Both data sets are freely available for download at their respective links in the above table. Word Vector Shoreline (WVS) data is in the form of land polygons whereas the Prototype Global Shoreline (PGS) data comes in the form of lines. The PGS data is based on 2000 Landsat imagery (~30m resolution) which is finer than the WVS which at it’s finest scale is about ~2.5km. Both data sets are old with newer imagery only being used to fill in gaps.

3.2.5 Bottom Depth (Bathymetry) and Ocean Floor Topography (Slope)

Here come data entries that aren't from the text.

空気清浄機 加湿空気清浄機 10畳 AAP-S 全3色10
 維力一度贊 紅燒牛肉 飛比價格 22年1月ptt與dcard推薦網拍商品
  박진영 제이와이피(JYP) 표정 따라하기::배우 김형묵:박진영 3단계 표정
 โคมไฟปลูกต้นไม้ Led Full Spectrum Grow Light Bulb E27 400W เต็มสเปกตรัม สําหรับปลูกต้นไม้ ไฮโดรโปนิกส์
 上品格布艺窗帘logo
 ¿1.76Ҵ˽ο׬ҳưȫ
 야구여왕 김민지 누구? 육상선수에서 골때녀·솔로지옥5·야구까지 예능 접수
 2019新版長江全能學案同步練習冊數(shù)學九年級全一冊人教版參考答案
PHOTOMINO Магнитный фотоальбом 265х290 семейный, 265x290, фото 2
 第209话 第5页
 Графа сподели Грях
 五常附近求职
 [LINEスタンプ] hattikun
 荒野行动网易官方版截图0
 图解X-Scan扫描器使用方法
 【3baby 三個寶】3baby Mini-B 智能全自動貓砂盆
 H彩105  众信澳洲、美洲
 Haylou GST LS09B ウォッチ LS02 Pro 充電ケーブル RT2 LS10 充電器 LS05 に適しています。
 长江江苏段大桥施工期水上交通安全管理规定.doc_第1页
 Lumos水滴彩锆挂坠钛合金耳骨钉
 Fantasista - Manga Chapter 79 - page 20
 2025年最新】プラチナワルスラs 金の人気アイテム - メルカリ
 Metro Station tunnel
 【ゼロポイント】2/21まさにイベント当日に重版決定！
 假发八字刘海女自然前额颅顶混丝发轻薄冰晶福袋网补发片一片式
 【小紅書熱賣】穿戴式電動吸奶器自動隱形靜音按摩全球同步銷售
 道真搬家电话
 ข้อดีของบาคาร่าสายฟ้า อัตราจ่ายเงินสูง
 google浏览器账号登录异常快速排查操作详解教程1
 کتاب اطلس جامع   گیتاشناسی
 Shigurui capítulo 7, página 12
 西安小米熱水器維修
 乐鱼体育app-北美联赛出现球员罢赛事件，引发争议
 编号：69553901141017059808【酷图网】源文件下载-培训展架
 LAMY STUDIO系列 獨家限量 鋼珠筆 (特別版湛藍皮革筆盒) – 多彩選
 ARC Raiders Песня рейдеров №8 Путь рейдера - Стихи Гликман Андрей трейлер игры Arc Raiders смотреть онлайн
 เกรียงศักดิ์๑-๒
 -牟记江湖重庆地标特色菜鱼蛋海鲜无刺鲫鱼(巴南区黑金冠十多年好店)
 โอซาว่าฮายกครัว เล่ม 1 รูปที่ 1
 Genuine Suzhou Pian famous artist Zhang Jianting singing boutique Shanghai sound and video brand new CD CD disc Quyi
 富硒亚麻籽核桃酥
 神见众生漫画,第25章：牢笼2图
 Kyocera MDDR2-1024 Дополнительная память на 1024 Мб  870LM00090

Bottom depth and topography have been shown to influence sea duck distribution likely due to a number of factors. Mostly because these species rely heavily on benthic organisms, such as mollusks, sea ducks will prefer shallower areas for foraging where they can reach the sea floor that is supportive of prey populations (Lamb et al. 2020; Zipkins et al. 2010). Bottom depth and topography may also act as proxies for finer scale processes such as currents and eddies (Lamb et al. 2020).

3.2.5.1 Data Sources

Dataset Format Unit Resolution (km2) Timescale Geography Source
2-minute Gridded Global Relief Data, (ETOPO2) v2 geoTiff (.geotiff) or netCDF (.nc) m 0.2025 Static US/CAD National Centers for Environmental Information
Coastal Relief Model US netCDF (.nc) m 0.0081 Static US National Centers for Environmental Information
Canadian Hydrographic Service Non-Navigational (NONNA) Bathymetric Data geoTiff (.geotiff) and others m 0.1 or 1 Static CAD Canadian Hydrographic Service
Salish Sea Bathymetry Basemap geoTiff (.geotiff) m 0.0081 Static US/CAD Salish Sea Atlas (Western Washington University)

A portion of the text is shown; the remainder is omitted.